As things stand, the move toward a single currency could break rather than make Europe. Monetary union requires budget deficits no higher than 3 percent of gross domestic product (GDP) - a criterion that could cost member states an added million and a half unemployed. National debt can't be more than 60 percent of GDP, which would cost millions more.
This portends a self-inflicted recession that would be bad for trade with the United States and the rest of the world and damaging for Europe-US relations.
It now is clear that even Germany, the linchpin of the whole project, is unlikely to meet the conditions for a single currency on schedule. Germany currently has the highest registered unemployment since 1933. Chancellor Helmut Kohl promised to halve unemployment and the reunification tax, but now can do neither. There are open strains within his party and the governing coalition.
European Investment Fund
Dramatically, however, the way out of this crisis already exists. The Maastricht Treaty has been amended to enable the European Union to borrow and spend on its own account, thus providing a framework for offsetting recession caused by meeting the deficit rules.
The instrument is the European Investment Fund in Luxembourg. The means are union bonds - the European equivalent of the United States Treasury bonds that in the 1930s helped finance the Tennessee Valley and federal road programs and opened the way to full employment and welfare.
The new fund was inspired by the role of US Treasury bonds. Its borrowings and investments - as union financial instruments - would not count against national debt any more than US Treasury bonds count against the debt of California or Delaware. In fact, the US should be as fortunate as Europe could be now. The debt and deficit of the European Union - rather than its member states - is zero. In US terms, it is as if the Treasury secretary could tell the president tomorrow that he had abolished the federal debt, and ask him if he wanted a New Deal Mark II for his second term, expanding Medicare, restoring universal welfare and unemployment benefits, and launching a major urban renewal program.
As governments cut national spending to fulfill the Maastricht criteria, the union could increase its own borrowings and investments to offset this and thereby make it possible for most member states to join a single currency. In turn, this deepening of union would create the right environment for meaningful enlargement on a sufficiently rapid schedule to avoid a power vacuum in Central and Eastern Europe.
The new fund's terms of reference already make this possible. They cover not only the trans-European networks in energy, transport, and telecommunications, themselves strikingly similar to the Tennessee Valley and federal road-building programs of the New Deal. They also allow for a new venture capital market for small and medium firms. There are proposals to widen the terms of reference to embrace urban regeneration - hospitals, schools, training centers. This could massively generate jobs and income.

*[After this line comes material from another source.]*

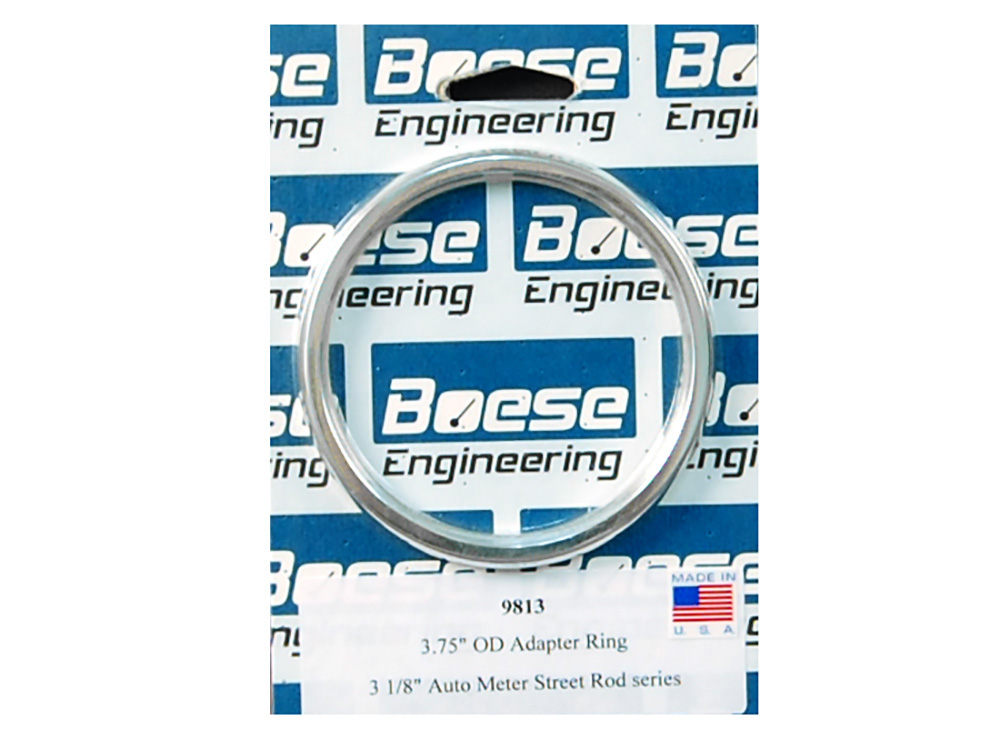 Aluminum Trim Rings for 3 1/8" Auto Meter Street Rod Series - Image 2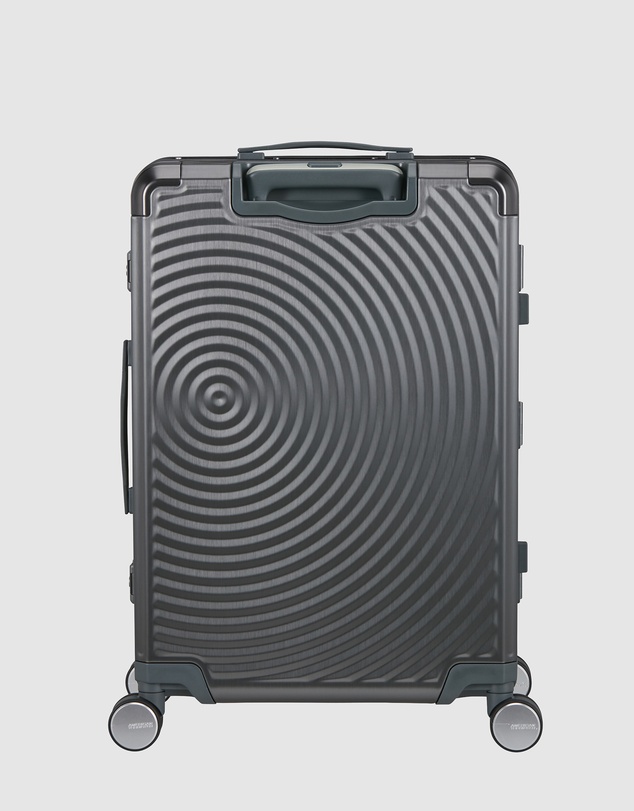 American Tourister - Soundbox Alu Medium Tsa Suitcase Expandable (68Cm)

The statutes of the fund already allow borrowing and investing up to 60 billion ecu - some $70 billion - equivalent to three quarters of the European Commission's annual resources for agricultural, regional, social, and other funds. As far back as 1994, the commission recommended investment on this scale. Had that been done then, Europe would not be facing crisis now. Sixty billion ecu is just under 1 percent of European Union GDP. But multipliers and co-financing could triple the initial investment and income effects, offsetting recession and sustaining trade.
Germany's potential gain
Germany in particular would gain from such borrowing and investment. As the fund directly financed a higher share of the reconstruction costs of the new German states, the reunification tax could be reduced and the trend to higher unemployment reversed. By taking the pressure off the federal budget, this could enable Germany to meet both deficit and debt criteria for a single currency. Reinforced by German expansion rather than recession, most of the other member states would be able to do the same.
So far, only the United Kingdom and Germany have opposed the issue of the new union bonds. In Britain this May, with a different government, this should change.
The key question is whether Chancellor Kohl can grasp the US parallel. He showed vision before, when he overrode his Finance Ministry and the Bundesbank on parity for the Ostmark and the Deutschmark. In so doing he united Germany. Will he see the case now for issuing union bonds to unite rather than disunite Europe?
* Stuart Holland is a former member of the British Parliament and Shadow Financial Secretary to the Treasury.